(Data excerpt)

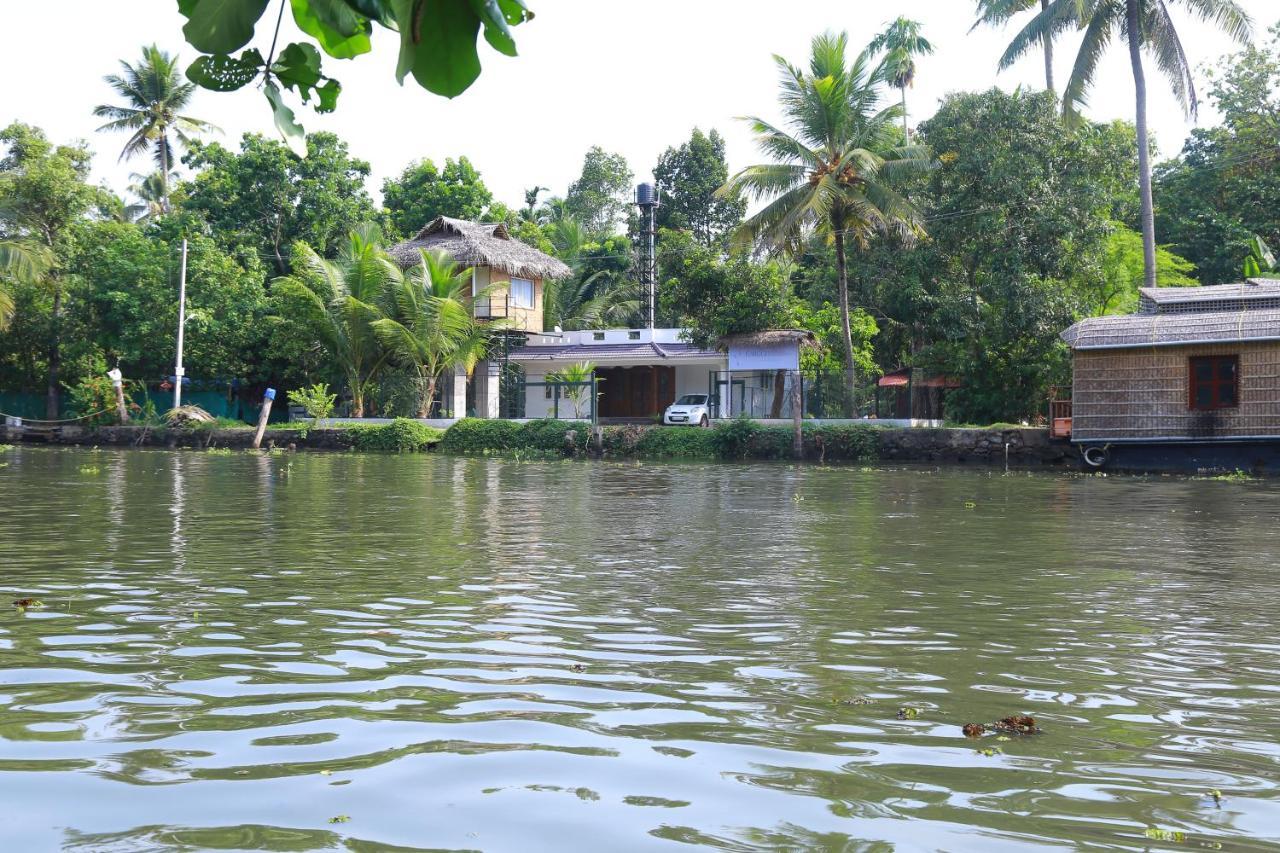 Garggi Kumarakom Village Homestay Exterior foto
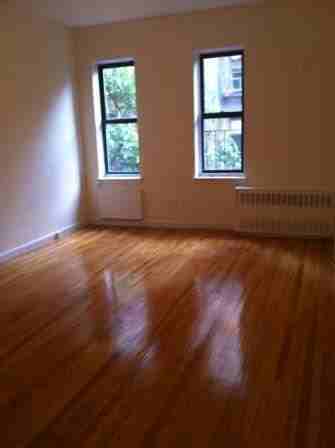 East 89th Street and 3rd Avenue - Photo 3 of 4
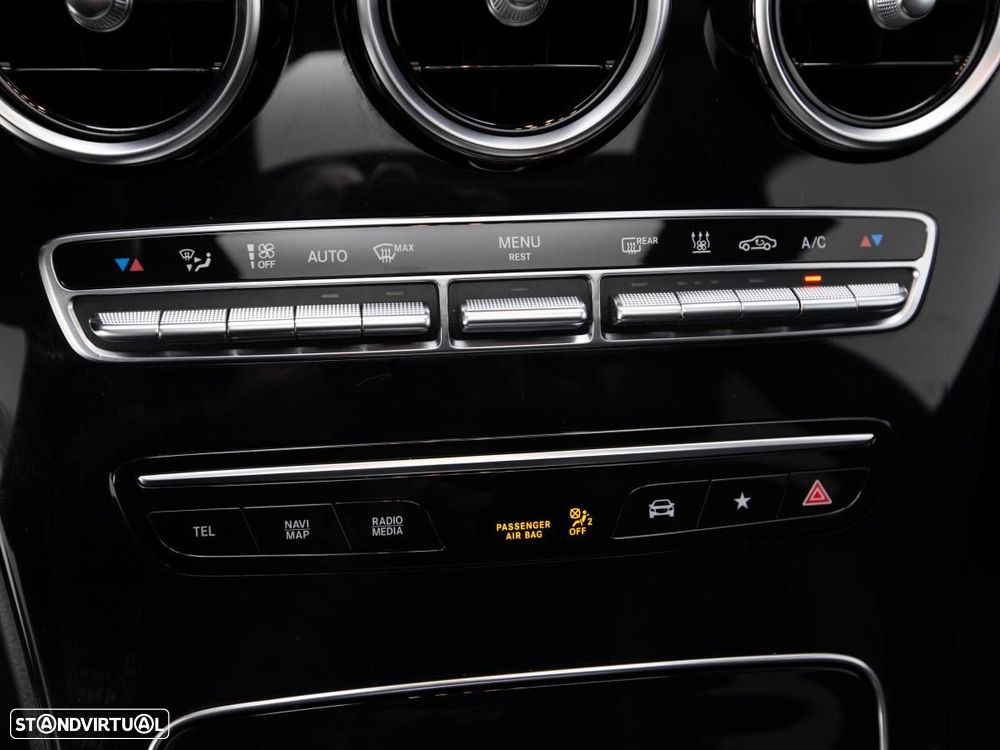 Mercedes-Benz GLC 300 de 4Matic 9G-TRONIC — fotografia 23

(End Data excerpt)

## Exercise description
Everything in the data except the pictures needs to be written out exactly.

## Exercise answer
 Garggi Kumarakom Village Homestay Exterior foto
 East 89th Street and 3rd Avenue - Photo 3 of 4
 Mercedes-Benz GLC 300 de 4Matic 9G-TRONIC — fotografia 23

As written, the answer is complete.